Features of the Excitation of Principal Series Lines of Atoms of the Zinc Subgroup by an Electron Impact: I. Cadmium

Abstract

Using the technique of intersecting beams of slow electrons and atoms of zinc, excitation functions of four spectral lines of Zn I principal series corresponding to the 4snp $${}^{1}P_{1}^{^\circ }$$ → 4s2 1S0 transitions for n = 4, 5, 6, and 7 are measured. Their wavelengths are 213.9, 158.9, 145.8, and 140.4 nm, respectively. Within the energy range of 11–18 eV, the effect of postcollision interaction of electrons (slow scattered and fast ejected ones) has been revealed on these functions with the decay of the autoionizing state.
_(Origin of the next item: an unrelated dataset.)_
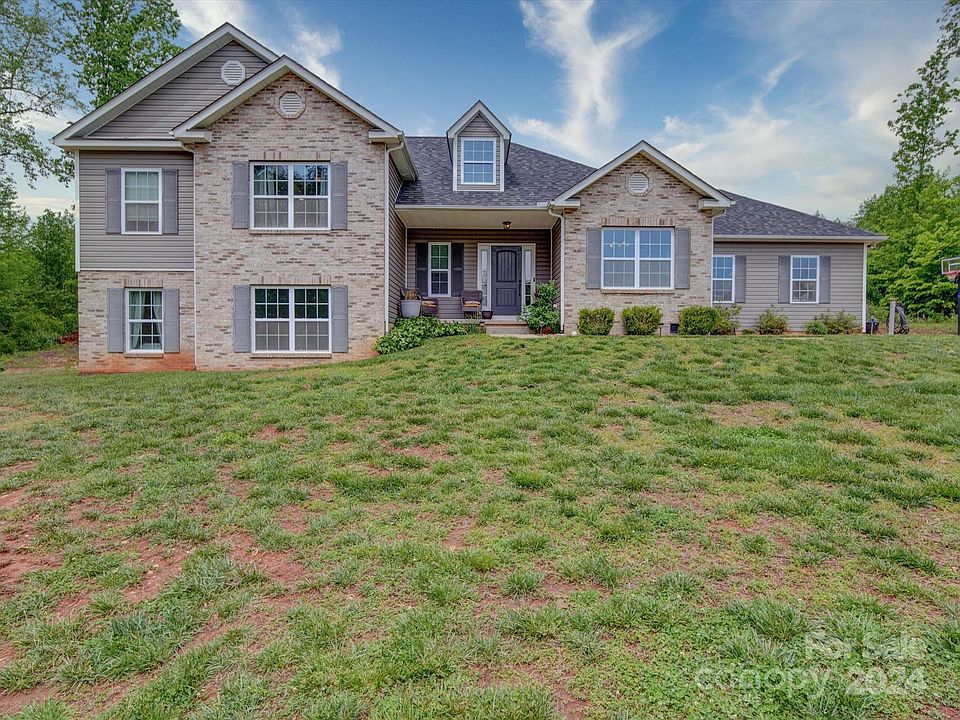 1st image of 242 Bluegill Ln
At incident electron energies of ∼11–13 and ∼15–18 eV, such interaction leads to an additional population of the initial levels for these lines and, correspondingly, to the formation of maximum on their excitation functions due to the capture of a scattered electron into these excited levels. The terms of atomic autoionizing states responsible for the observed maximums are determined. The combined influence of the decay of these autoionizing states and postcollision interaction is expressed in the energy shift of the maximums on the excitation functions relative to positions of the corresponding autoionizing states. Using a straightforward calculation in the classical approximation, effective widths of the electron decay of the autoionizing states are estimated. The estimates involve an exact formula and approximation formulas. The latter are valid for different relations between the value of the postcollision shift of maximums on the excitation functions and electron bonding energy at the atomic level. They are used for the determination of effective widths when approximating experimental shifts by the least squares method.